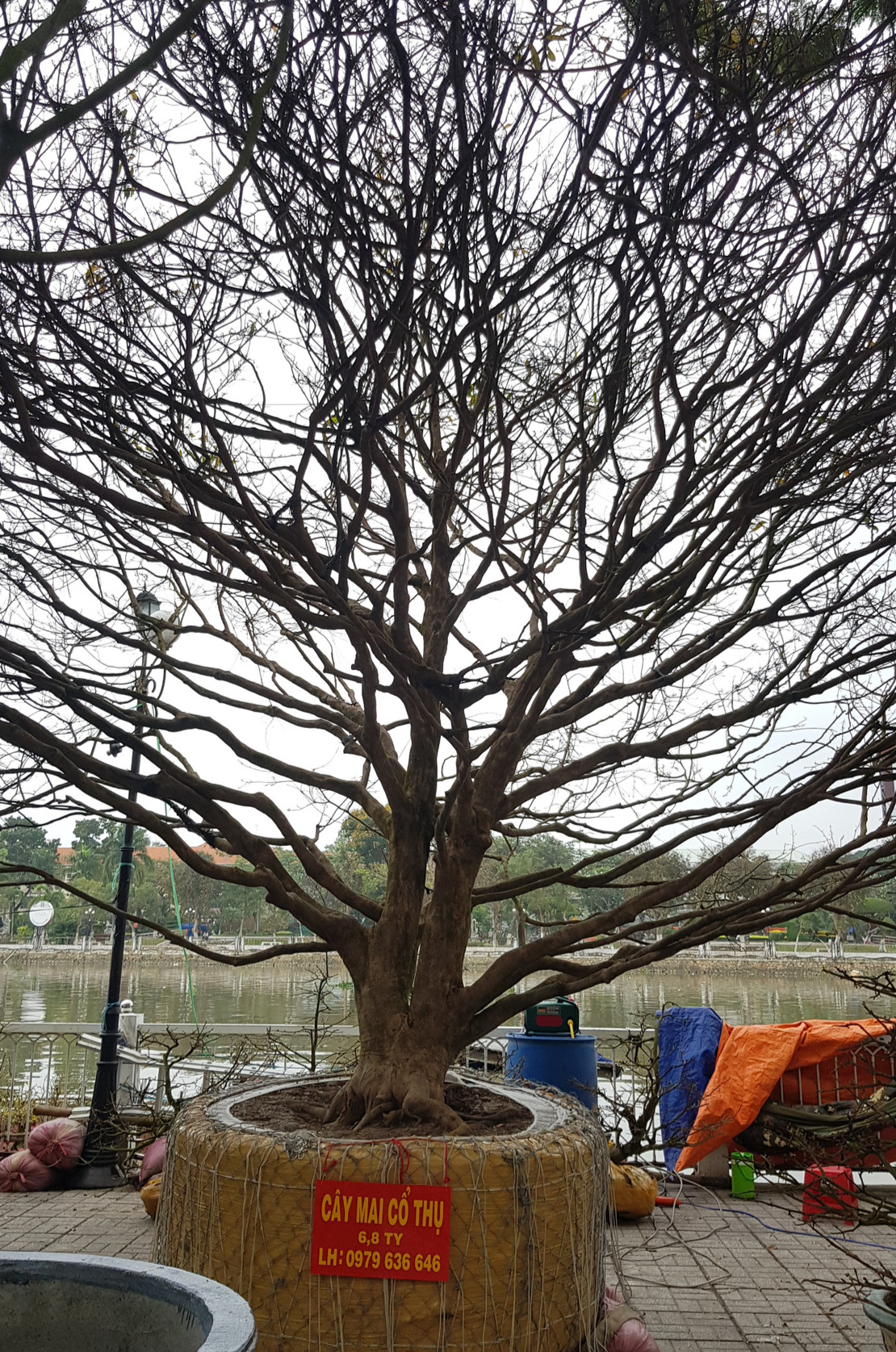 Cây mai được hét giá 6,8 tỉ đồng tại chợ hoa xuân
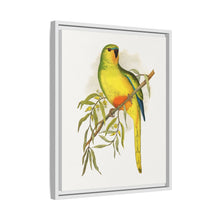Orange-Bellied Parrakeet (Neophema chrysogaster) colored wood-engraved plate by Alexander Francis Lydon.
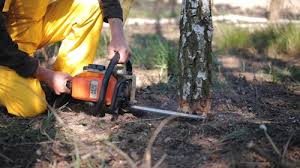 How Our Tree Care Process Works  in  Lancaster, TX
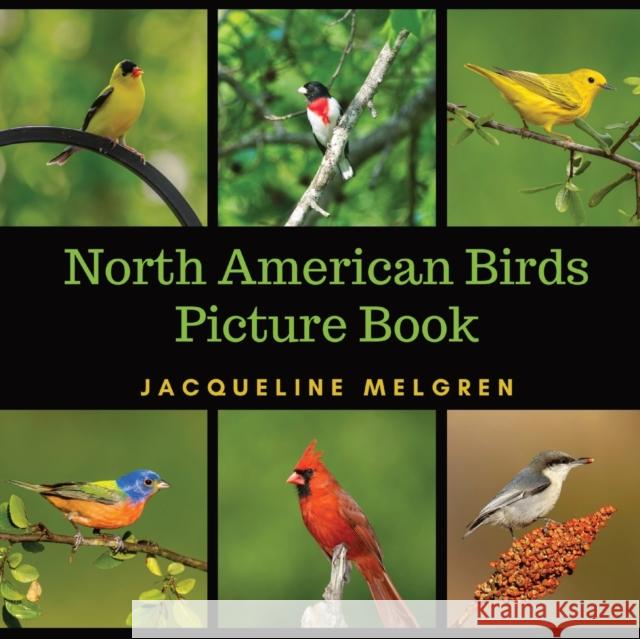 North American Birds Picture Book: Dementia Activities for Seniors (30 Premium Pictures on 70lb Paper With Names) Jacqueline Melgren 9789189452398 Adisan Publishing AB - książka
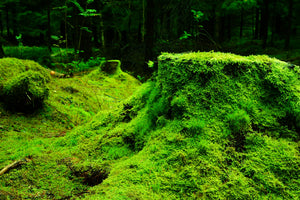 canvas-print-moss-in-the-forest
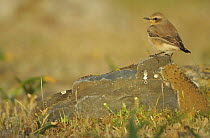 Wheatear (Oenanthe oenanthe) female perched on rock, La Serena, Extremadura, Spain, March 2009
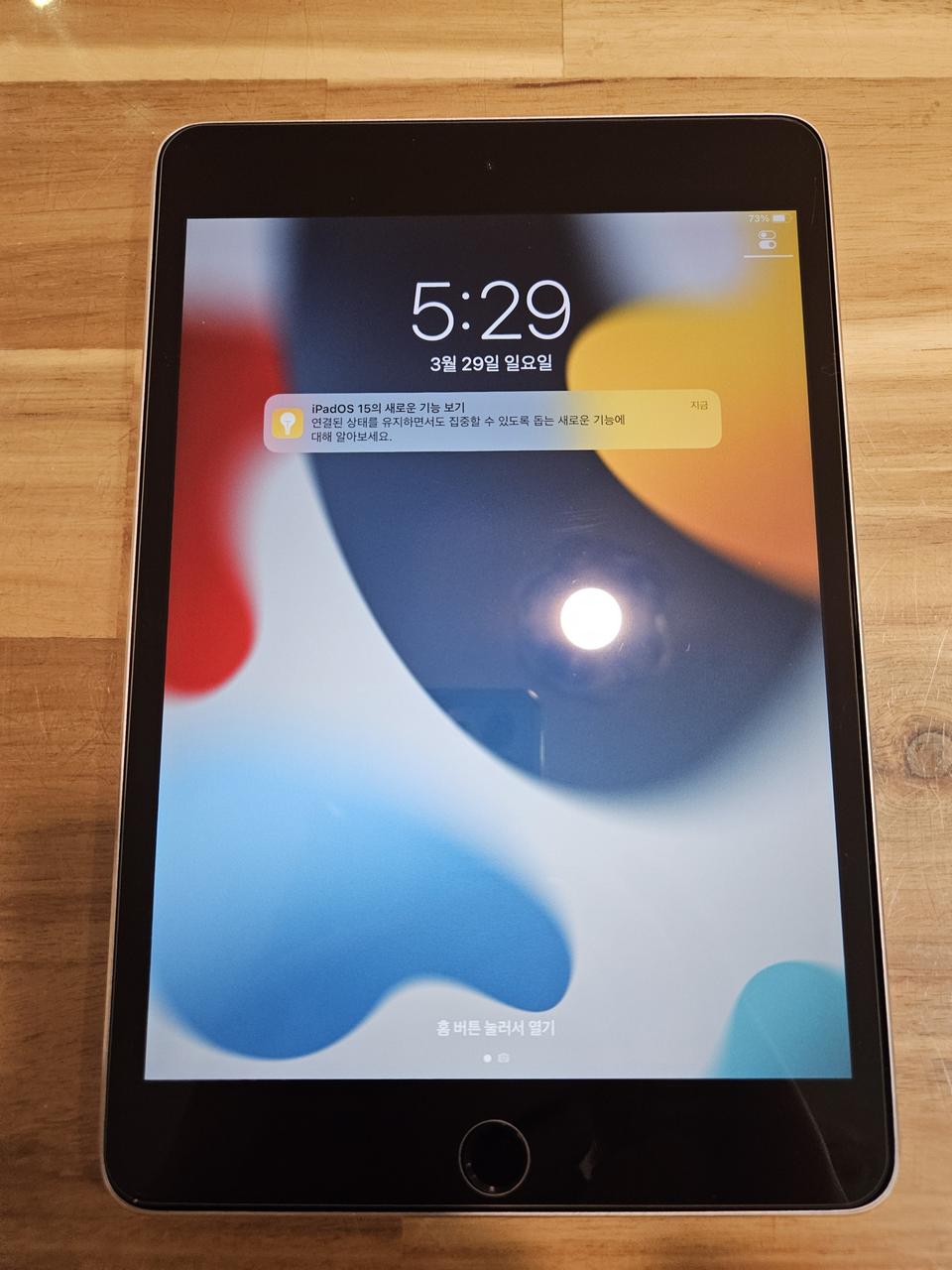 아이패드 미니4 wfi 128g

WORK INSTRUCTIONS:
Once the line containing "How Our Tree" is found, write out exactly that line and each line after it through the end of the entries, omitting pictures.

YOUR RESPONSE:
 How Our Tree Care Process Works  in  Lancaster, TX
 North American Birds Picture Book: Dementia Activities for Seniors (30 Premium Pictures on 70lb Paper With Names) Jacqueline Melgren 9789189452398 Adisan Publishing AB - książka
 canvas-print-moss-in-the-forest
 Wheatear (Oenanthe oenanthe) female perched on rock, La Serena, Extremadura, Spain, March 2009
 아이패드 미니4 wfi 128g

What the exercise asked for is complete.